Viennent ensuite les premiers clients. Ils arrivent de Hollande, d’Angleterre, de Belgique, du camping parfois même de Vesoul et s’enquièrent auprès de moi de la météo du jour car cachée derrière mon stand, il va de soi que telle le Picodon, je suis moi-même du cru et de fait, initiée aux mystères du temps. Je m’abstiens de les détromper et prête à tout pour les satisfaire, je me suis enquis au préalable des prévisions de Météo France. J’en profite alors pour leur glisser un bracelet, un tire-bouchon, une pince à cheveux et de temps en temps, les trois en même temps! Ça leur fait tellement plaisir de faire travailler l’économie locale et de repartir avec un souvenir authentique. Vient ensuite l’heure sinistrement longue du déjeuner. A 13 heures, les rues se vident et chacun répond à l’appel des sardines du Super U ou à celui du saucisson bio local, cependant je reste fidèle à mon poste, il ne faudrait pas que je manque une vente de bracelet brésilien! A 15 heures, j’ai eu le temps de me préparer psychologiquement, je suis prête. Les touristes sont de retour, repus, la digestion a endormi leurs sens. Fourbe, j’en profite alors pour leur refourguer une ou deux bricoles de plus. Les transactions envisagées le matin se concrétisent, toutefois ils tentent une ultime négociation. En vain. Les lève-tard les ont rejoints, ainsi que quelques énergumènes ressemblant étrangement aux adolescents que j’ai fréquentés en juillet. De mon côté du comptoir j’emballe, j’encaisse, je conseille, je déconseille, je commente, je plaisante, j’échange parfois mais jamais ne rembourse! JAMAIS! C’est la règle. J’allège un peu plus la bourse de chacun, mais bien moins que l’an passé parce que dame, entre la crise et le mauvais temps, on n’est pas aidés cette année nous autres les commerçants…

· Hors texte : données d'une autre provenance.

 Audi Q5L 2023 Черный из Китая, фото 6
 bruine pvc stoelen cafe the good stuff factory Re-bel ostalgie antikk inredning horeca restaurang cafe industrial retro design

Alors que la fin du mois et l’orage se profilent à l’horizon, ma maîtrise du rôle frôle perfection. Je commence pourtant à lorgner sérieusement du côté des coulisses… Mes neurones sont impatientes de redevenir cigale. Après seulement trois mois de labeur, mon côté fourmi commence à me les briser menus avec ses questions à la con!

– Que faisiez vous au temps chaud? 
– Qu’est-ce que vous croyez? Que Pôle Emploi m’a payé un séjour aux Seychelles? Je bossais!
– Vous bossiez???
– De nos jours, faut bien! Artiste c’est pas facile et puis l’intermittence c’est mal barré je crois…
– Faut pas désespérez ma bonne dame…Vous bossiez? J’en suis fort aise! Alors… Chantez maintenant!

 Je vais me gêner tiens!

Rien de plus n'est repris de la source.